• Problem requirements
Each line below from the "Deep V Neck" line through the "Long Denim Shirt Jacket" line, those two included, must be restated word for word; the pictures must not be.

-- Exercise inputs follows --

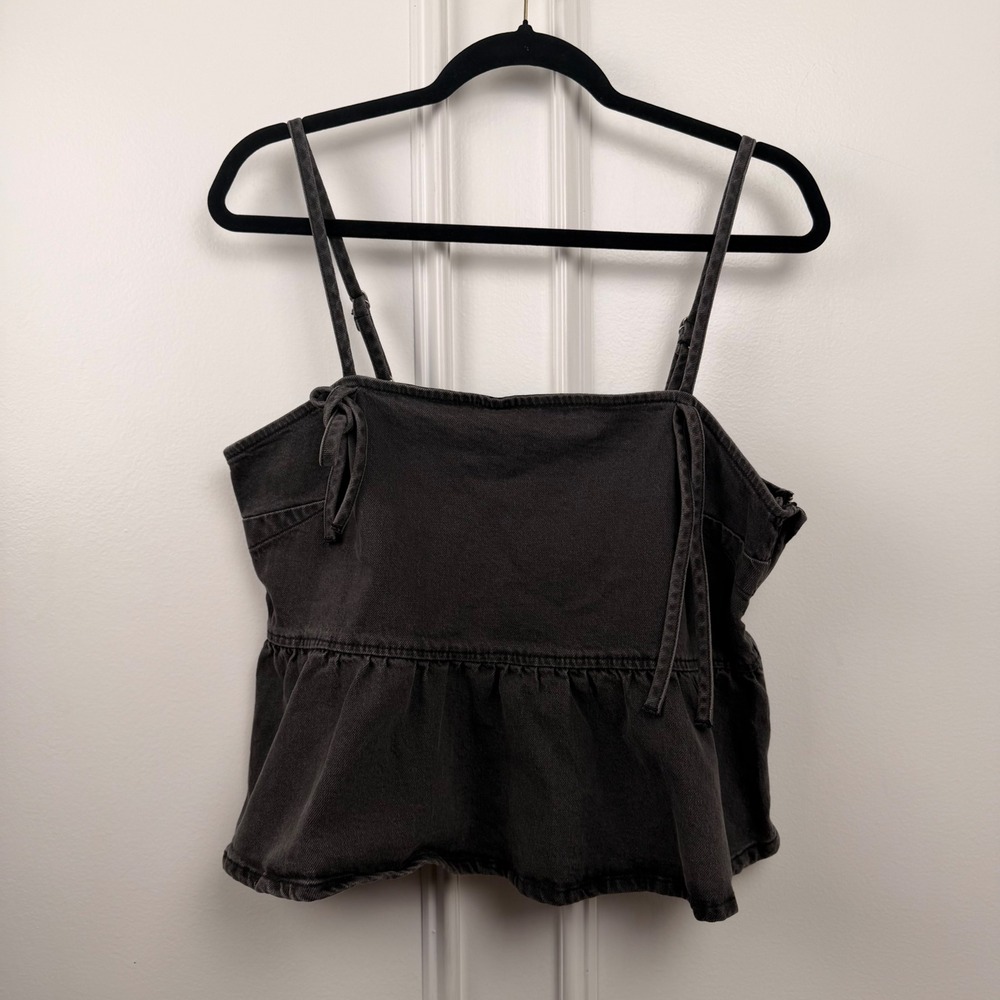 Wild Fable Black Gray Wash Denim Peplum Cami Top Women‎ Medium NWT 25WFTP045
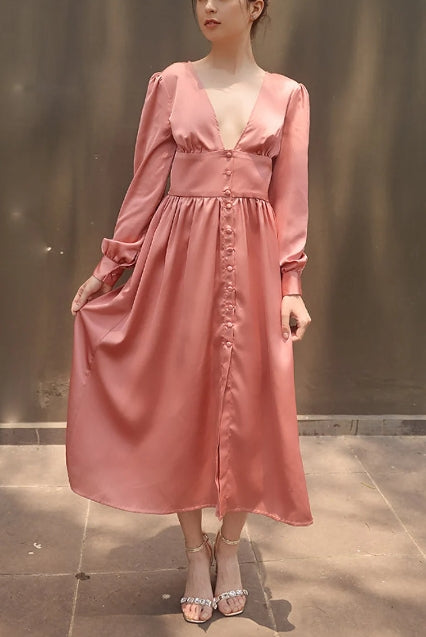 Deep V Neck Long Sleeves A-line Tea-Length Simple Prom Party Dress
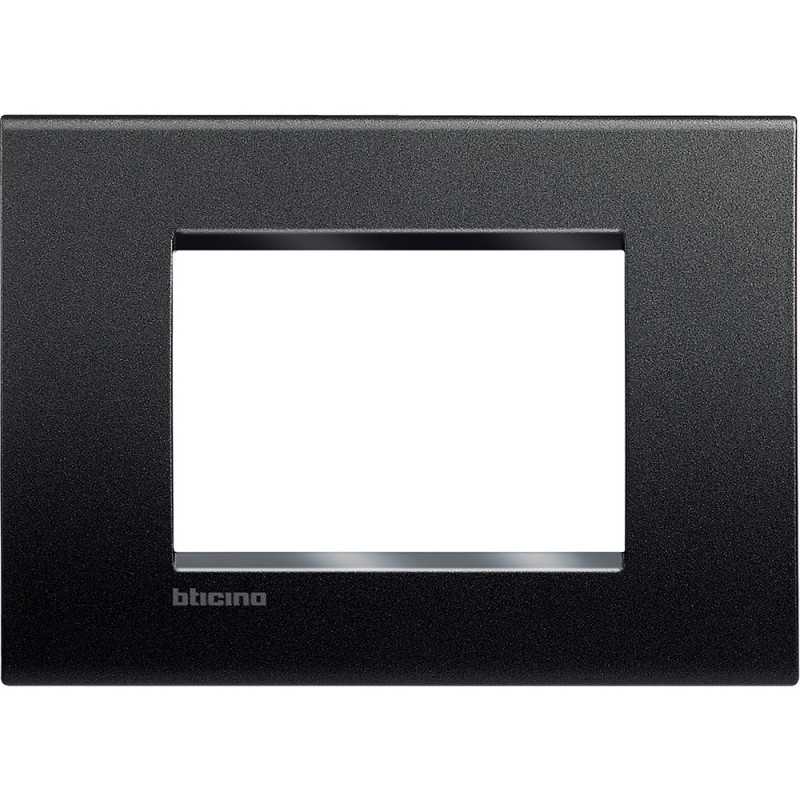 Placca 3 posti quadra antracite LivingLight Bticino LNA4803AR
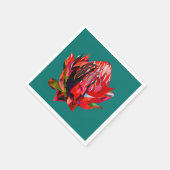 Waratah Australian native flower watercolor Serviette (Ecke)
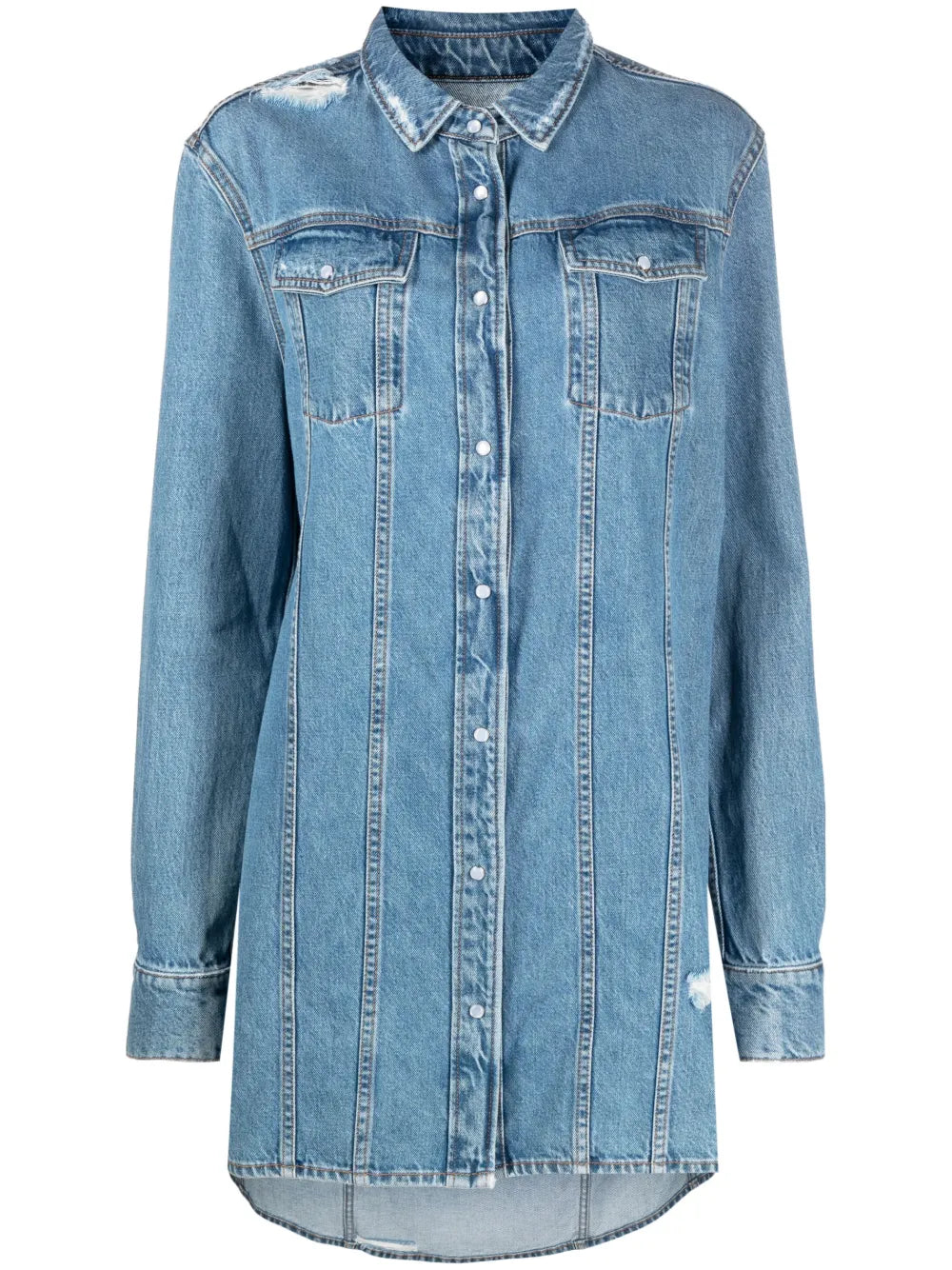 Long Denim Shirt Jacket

-- Exercise inputs concluded --
-- Exercise inputs follows --

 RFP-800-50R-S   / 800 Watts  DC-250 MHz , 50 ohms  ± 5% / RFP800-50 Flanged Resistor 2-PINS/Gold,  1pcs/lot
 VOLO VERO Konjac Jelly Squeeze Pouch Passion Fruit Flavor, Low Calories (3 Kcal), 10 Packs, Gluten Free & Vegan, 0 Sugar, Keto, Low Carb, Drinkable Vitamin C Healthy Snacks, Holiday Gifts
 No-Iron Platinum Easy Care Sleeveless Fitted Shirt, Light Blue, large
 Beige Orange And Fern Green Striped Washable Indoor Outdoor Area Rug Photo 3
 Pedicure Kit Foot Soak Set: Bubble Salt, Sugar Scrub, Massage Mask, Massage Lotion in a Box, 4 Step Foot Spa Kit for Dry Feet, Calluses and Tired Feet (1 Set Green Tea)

-- Exercise inputs concluded --
-- Exercise inputs follows --

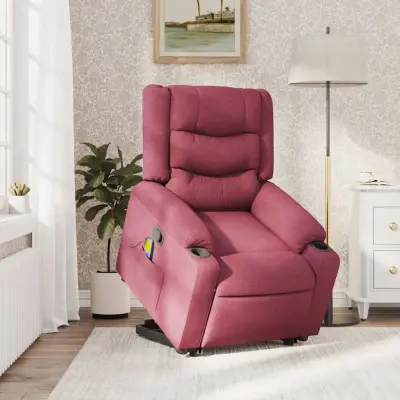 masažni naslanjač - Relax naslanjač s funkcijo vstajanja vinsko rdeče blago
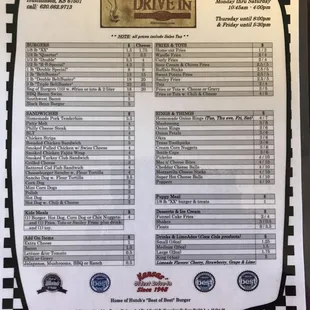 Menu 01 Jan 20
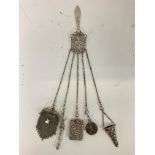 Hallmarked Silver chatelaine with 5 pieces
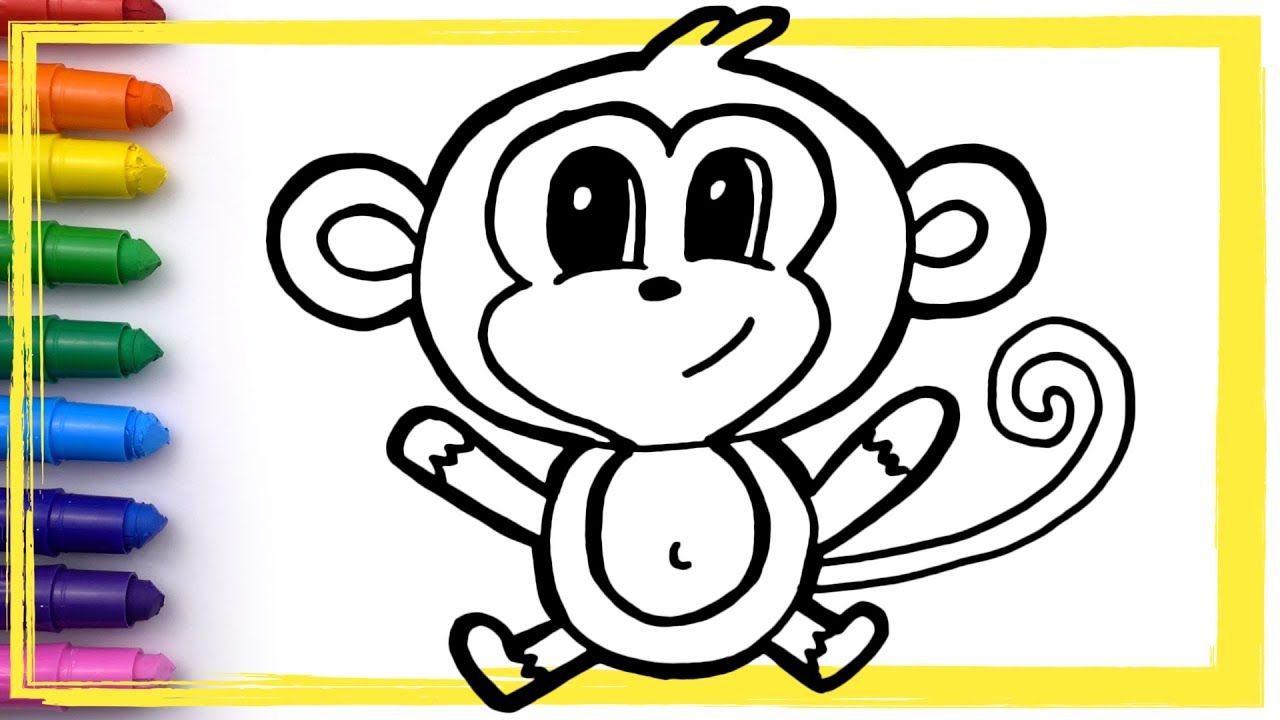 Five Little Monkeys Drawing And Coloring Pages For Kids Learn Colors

-- Exercise inputs concluded --

• Exercise solution
 Deep V Neck Long Sleeves A-line Tea-Length Simple Prom Party Dress
 Placca 3 posti quadra antracite LivingLight Bticino LNA4803AR
 Waratah Australian native flower watercolor Serviette (Ecke)
 Long Denim Shirt Jacket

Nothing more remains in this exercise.